At the next property I chose a hard-boiled egg over the scrambled eggs because scrambled eggs on a buffet are usually made from a powder or liquid with additives. I also had yogurt, and I chose an English muffin spread with honey, a lighter alternative than a muffin or a bagel, and once again, a small glass of orange juice. My meal was similar to what I might have for a weekday breakfast at home.
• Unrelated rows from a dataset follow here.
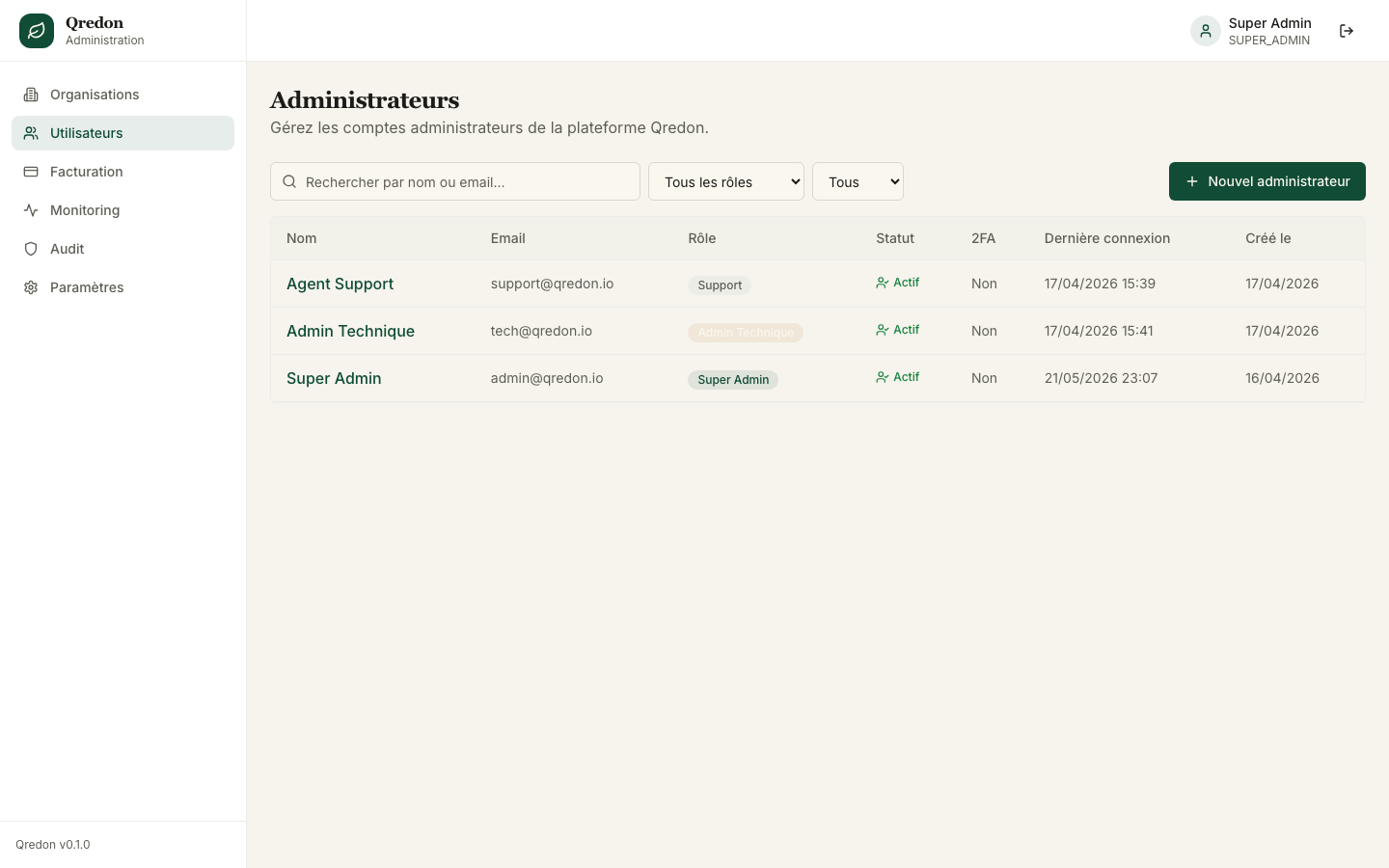 Users list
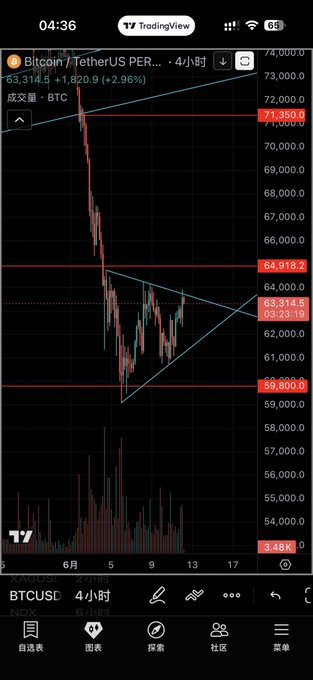 The image is a screenshot of a cell phone screen, with a graph and charts displayed showing the current value of Bitcoin against other cryptocurrencies such as Ethereum, Ripple, Litecoin, and Dogecoin at four different points in time. It appears that the cryptocurrency market at this point has experienced a downward trend compared to the previous high points. The post written below states "Triangular oscillation between the previous low and the one before that BTC is extremely weak Be careful". This means there may be an upward or downward trend of the Bitcoin price, with extreme fluctuations during these periods. It also suggests that there might have been a period when Bitcoin was more weak in terms of value compared to its later high points, indicating a potential shift in market sentiment towards the cryptocurrency's strength.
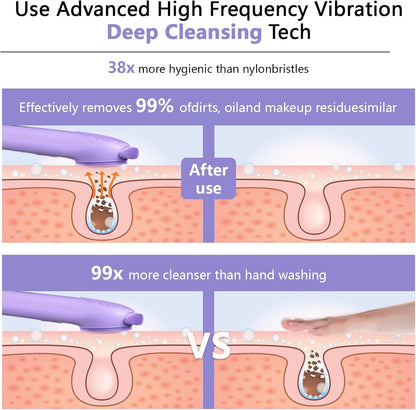 ADINC Silicone Waterproof Rechargeable Facial Cleansing Brush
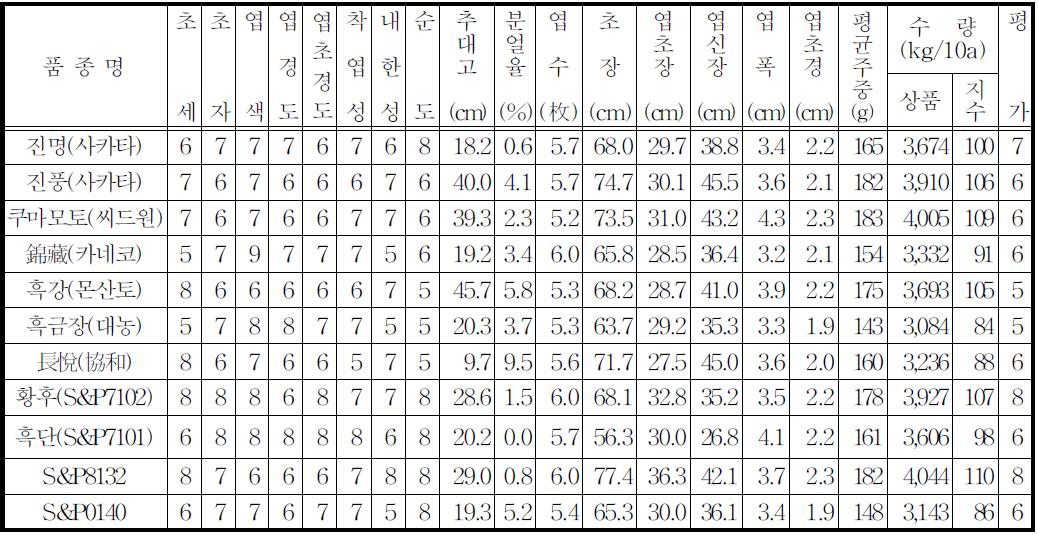 지역 적응성시험 시험성적 3.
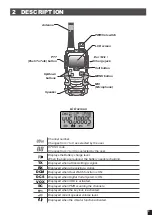 Preview for 4 page of GEONAUTE ONchannel 710 User Manual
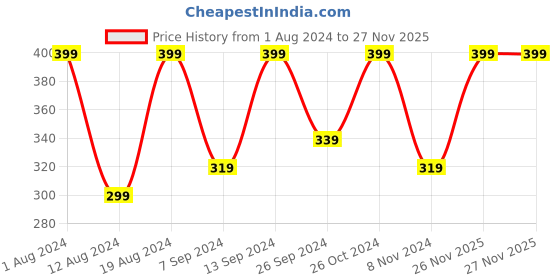myntra.com KEYA SETH Aromatherapy 32 Star-Dental & Gum Solution Essential Oil with Tea Tree 10 ml keya seth aromatherapy Price History Graph from 1 Aug 2024 to 27 Nov 2025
The third motel offered a wider choice, including whole fresh bananas (overripe), apples and oranges. That’s what I should have had, but it just didn’t look appealing. Instead, I splurged on a biscuit with a small sausage patty to make a sandwich, as well as yogurt and a bottle of water. My real downfall was taking some of those scrambled eggs that I usually avoid. Not only did they not have good flavor, but I was already over my breakfast calorie limit without them.
Overall, I thought I did pretty well on my four-day trip, and the scale proved it. By paying attention to what I ate at the complimentary breakfast buffets, I was able to splurge on foods I really enjoyed later in the day. My goal was to come home after four days weighing no more than when I left, with a stretch goal of losing. I lost a half-pound, and I’m patting myself on the back.
- When choosing foods at a complimentary breakfast buffet, consider what else you’ll be eating throughout the day. If you’re planning on a calorie-laden meal later, go with lighter breakfast choices. On the other hand, if there is something you really want that is calorie loaded, don’t deprive yourself. Go for it, but watch your portion size and balance it with lighter options later.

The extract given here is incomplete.